As ever, Friday at Indietracks is designed to ease the audience into the weekend’s proceedings. With just three bands taking to the bill, Friday evening is meant to mark a somewhat sedate jumping off point for the early birds, all while accommodating the post-work crowd for the more local attendees. It’s a plan that’s slightly thrown off in our opinion by booking some of the weekend’s most anticipated sets. Also hotly anticipated was the rain, and the organisers make the very sensible, but slightly sad, decision to move all the bands to the Indoor Stage.
Taking to the stage first are Lost Map signed quartet, Kid Canaveral. The band, who formed after meeting at St Andrews University before relocating to Edinburgh, draw a large early crowd. Much of the set draws from most recent album, 2016’s Faulty Inner Dialogue, their sound showcases soaring anthemic choruses with some thrashier poppier ideas thrown in for good measure. Recalling the likes of Frightened Rabbit or Local Natives, it’s a highly polished, professional and enjoyable set.
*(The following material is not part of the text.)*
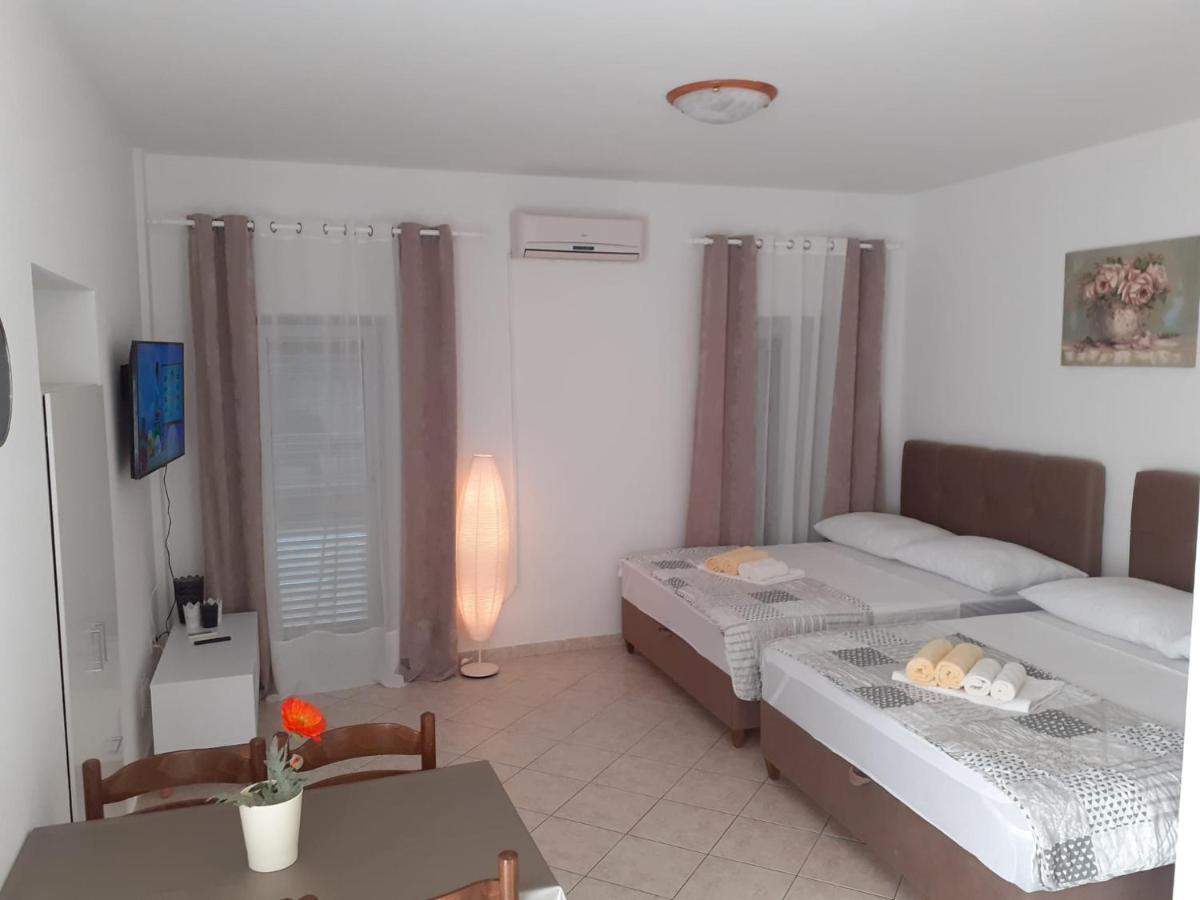 Apartments Vinea Baška Voda Buitenkant foto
If it was busy for Kid Canaveral, it’s full to bursting by the time former Fortuna Pop signees Chorusgirl take to the stage. It’s a return to the site of their triumphant opening set two years previously, and the jump in their profile since then is obvious if just from the number of Chorusgirl t-shirts people have adorned to watch them. It’s not just the profile that’s upped though: musically they seem to be stepping up to the next level as well. Front-woman Silvi Wersing has become a stunning performer, a blur of pogoing energetic chord thrashing, while new guitarist Faith Taylor (Suggested Friends) adds impressively dextrous riffing and subtle backing vocals to the mix. They showcase a number of new tracks from a currently label-less new album, for the most part these build on the success of their debut, still walking the previously untapped middle ground of The Shadows and The Jesus & Mary Chain. It’s left to some old classics to close the set, a particularly brilliant rendition of Oh, To Be A Defector is a highlight as always. Now would somebody give this band a record deal immediately, because the world needs this new record in its life.
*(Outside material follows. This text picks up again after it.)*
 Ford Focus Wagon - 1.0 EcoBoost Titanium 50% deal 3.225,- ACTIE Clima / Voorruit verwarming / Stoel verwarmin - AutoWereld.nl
If you were to carry out a straw-poll of the Indietracks audience’s favourite band, we’d be willing to bet Martha would take some serious beating. As with Chorusgirl, the decision to move the bands inside leaves them returning to the scene of their triumphant set of two years back. Since that set they’ve released their break out second album, Blisters In The Pity Of My Heart, sold out The Scala and generally established themselves as the new Kings & Queens of the DIY-scene. Backed by a dazzling, and at times almost blinding light show, the whole thing looks a bit like the middle ground of an Ibiza nightclub and a massive metal shed. Thankfully they resist the urge to break out into a David Guetta covers set, and stick to their winning brand of DIY-punk and social commentary.
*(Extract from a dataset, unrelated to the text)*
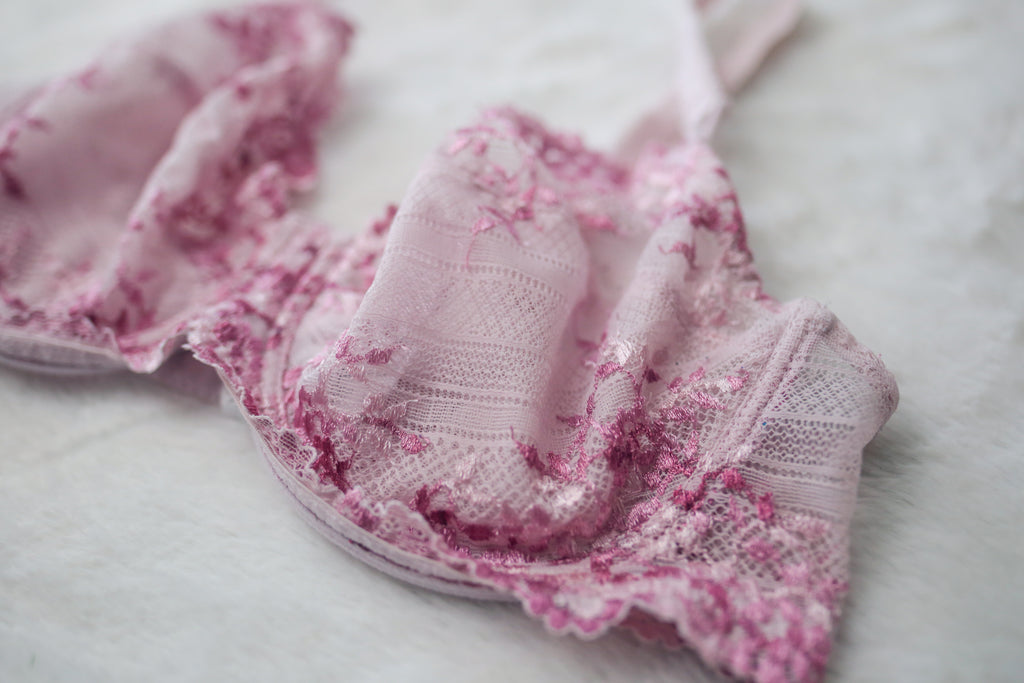 Wacoal 36D Embrace Lace 65191 Unlined Embroidered Underwire Bra Pink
Whilst it’s a shame they didn’t get to step up to the festival biggest stage, as the band run through a set of tracks from their first two albums, and the crowd whoop and sing along throughout, it’s impossible not to get swept along by just how vital this band are to the community they exist in. Here for this hour and half set, Martha are the biggest band in Derbyshire, and Indietracks is their arena. They close on a somewhat odd, but undeniably brilliant, cover of Semisonic’s Closing Time, and no we’re not entirely sure why either, but like everyone else here we’re not complaining. Martha have closed Indietracks for tonight entirely on their own wonderful terms, but thankfully the festival is just getting started.